The forum made its debut at PIM on 10 March. Its immediate objectives were to discuss and deliberate how the rapidly-changing social and financial environments impact our society in general and how academic and professional institutions in particular should accommodate these changes as well as become pacesetters in this complex environment by being innovative in every possible activity.
PIM has almost a singular role to play in this regard, as the country’s premier postgraduate institute, and the initiative it took to form the Innovative Forum was timely. Management, in fact, is a major contributor that impacts the country’s socioeconomic matrix. Therefore, the onus cast on PIM as being the pacesetter, more specifically in business, management and professional education could, indeed, be interpreted as an indirect mandate bestowed on it by society at large. Thus, the newly formed forum heralds a new chapter in PIM’s gamut of activities.
The main objective of this historic event, as spelled out by PIM’s Acting Director Dr. Ajantha S. Dharmasiri, is to collectively brainstorm how to improve PIM by way of differentiating the products of the institute in its teaching process, research endeavours and imparting of knowledge. He said that the initiative taken was in line with PIM’s theme of ‘Igniting Human Imagination’.
Among the many features of this novel event was the presentation made by Prof. Ajith Alwis of the Moratuwa University, on ‘Innovation for Education: What PIM can do differently’. In fact, the crux of the presentation was ‘How to take the PIM forward’.

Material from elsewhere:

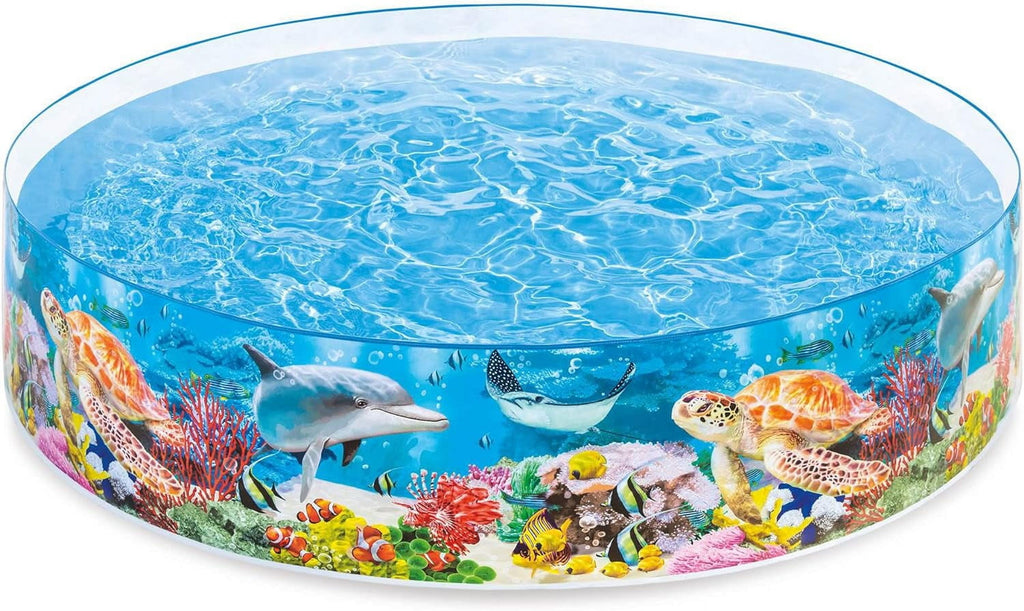 Deep Sea Blue 8 Feet x 18 Inch SnapSet Instant Round Plastic Above Ground Swimming Kiddie Pool for Ages 3 Years and Up, Blue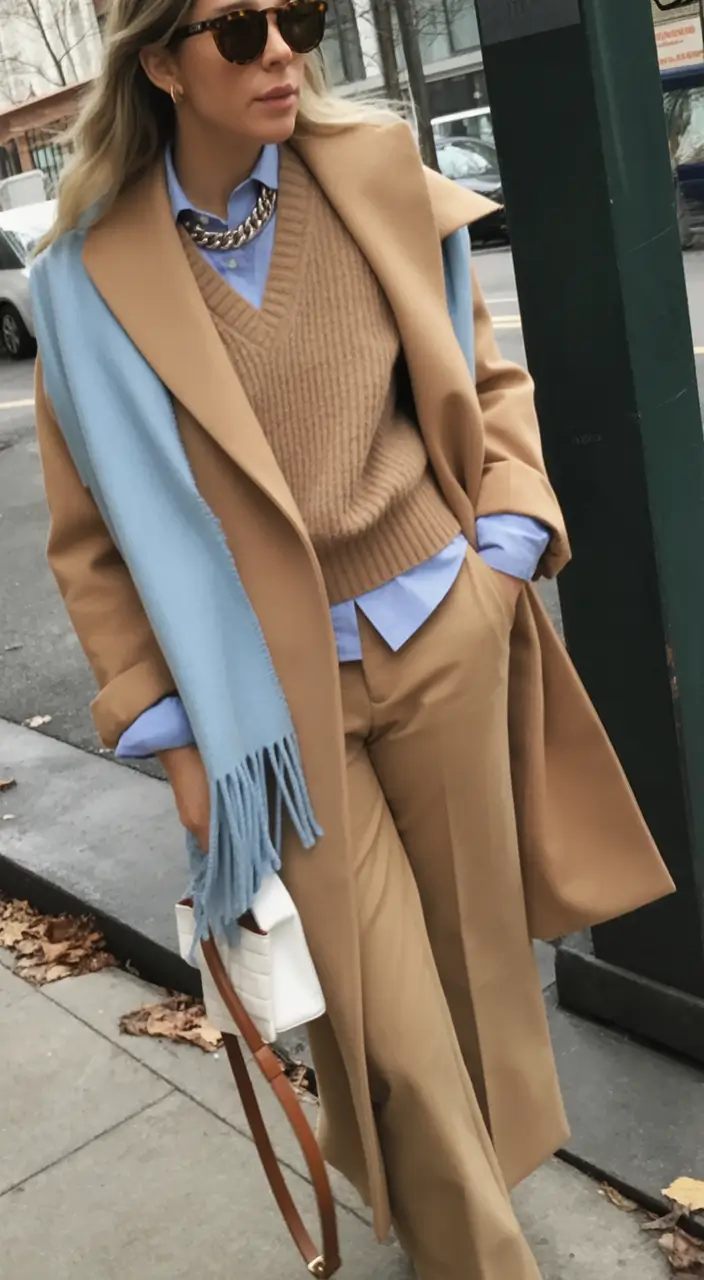 winter office outfits Layered Camel with a Hint of Blue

In a nutshell, the gist of his presentation revolved around the concept that PIM needs to explore ways and means of reaching excellence in whatever it does. Furthermore, Prof. Alwis opined that the institute’s teaching should go hand-in-hand with research, as it is research that feeds and enriches existing knowledge.
The nexus between research and education would, for certain, make PIM’s teaching unique and extraordinary. He stated that education should be a by-product of innovation, invention, creativity and curiosity. According to him, the four ways to identify and define a challenge is by product innovation, process innovation, customer expectations and business models.
The approaches to be followed in this regard are shedding myopic attitudes and encouraging paradigm shifts. For any institute like PIM the means of salvation is through innovation and there’s hardly any other alternative.